EXTRACTED RECORDS:

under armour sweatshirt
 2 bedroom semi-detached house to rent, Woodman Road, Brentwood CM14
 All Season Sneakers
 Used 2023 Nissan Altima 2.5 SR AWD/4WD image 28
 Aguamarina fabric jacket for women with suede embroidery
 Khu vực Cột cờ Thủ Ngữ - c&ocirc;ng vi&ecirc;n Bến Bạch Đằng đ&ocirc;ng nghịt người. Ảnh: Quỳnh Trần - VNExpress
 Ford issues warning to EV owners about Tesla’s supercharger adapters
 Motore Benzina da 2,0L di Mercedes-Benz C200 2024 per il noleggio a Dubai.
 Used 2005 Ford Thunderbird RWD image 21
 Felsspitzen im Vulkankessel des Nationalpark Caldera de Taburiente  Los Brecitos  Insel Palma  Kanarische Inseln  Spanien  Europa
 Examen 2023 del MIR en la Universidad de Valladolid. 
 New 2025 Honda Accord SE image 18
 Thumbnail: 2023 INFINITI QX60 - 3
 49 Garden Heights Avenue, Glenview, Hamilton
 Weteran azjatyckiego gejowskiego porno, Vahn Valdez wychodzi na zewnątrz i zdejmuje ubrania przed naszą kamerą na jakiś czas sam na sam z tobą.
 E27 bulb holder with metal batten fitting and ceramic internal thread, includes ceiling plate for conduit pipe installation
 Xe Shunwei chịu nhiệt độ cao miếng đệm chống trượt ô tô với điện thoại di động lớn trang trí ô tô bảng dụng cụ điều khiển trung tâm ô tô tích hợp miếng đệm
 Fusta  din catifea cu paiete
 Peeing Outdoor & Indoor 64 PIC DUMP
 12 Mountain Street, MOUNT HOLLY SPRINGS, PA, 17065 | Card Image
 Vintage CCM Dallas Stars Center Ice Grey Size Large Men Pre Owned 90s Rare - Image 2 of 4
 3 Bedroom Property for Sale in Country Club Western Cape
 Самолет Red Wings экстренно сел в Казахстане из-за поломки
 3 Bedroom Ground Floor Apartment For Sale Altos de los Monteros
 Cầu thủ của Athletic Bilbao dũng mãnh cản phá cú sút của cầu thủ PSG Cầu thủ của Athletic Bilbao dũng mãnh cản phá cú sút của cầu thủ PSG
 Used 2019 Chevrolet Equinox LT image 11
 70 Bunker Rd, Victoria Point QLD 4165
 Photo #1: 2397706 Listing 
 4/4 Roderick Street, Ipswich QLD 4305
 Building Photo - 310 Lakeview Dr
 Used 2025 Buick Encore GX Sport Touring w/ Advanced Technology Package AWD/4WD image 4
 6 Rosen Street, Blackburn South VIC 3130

EXERCISE INSTRUCTIONS: Of the lines above, extract only those from the line with "Aguamarina fabric jacket" to the line with "Weteran azjatyckiego gejowskiego", both included, exactly as written.

OUTPUT BELOW:
 Aguamarina fabric jacket for women with suede embroidery
 Khu vực Cột cờ Thủ Ngữ - c&ocirc;ng vi&ecirc;n Bến Bạch Đằng đ&ocirc;ng nghịt người. Ảnh: Quỳnh Trần - VNExpress
 Ford issues warning to EV owners about Tesla’s supercharger adapters
 Motore Benzina da 2,0L di Mercedes-Benz C200 2024 per il noleggio a Dubai.
 Used 2005 Ford Thunderbird RWD image 21
 Felsspitzen im Vulkankessel des Nationalpark Caldera de Taburiente  Los Brecitos  Insel Palma  Kanarische Inseln  Spanien  Europa
 Examen 2023 del MIR en la Universidad de Valladolid. 
 New 2025 Honda Accord SE image 18
 Thumbnail: 2023 INFINITI QX60 - 3
 49 Garden Heights Avenue, Glenview, Hamilton
 Weteran azjatyckiego gejowskiego porno, Vahn Valdez wychodzi na zewnątrz i zdejmuje ubrania przed naszą kamerą na jakiś czas sam na sam z tobą.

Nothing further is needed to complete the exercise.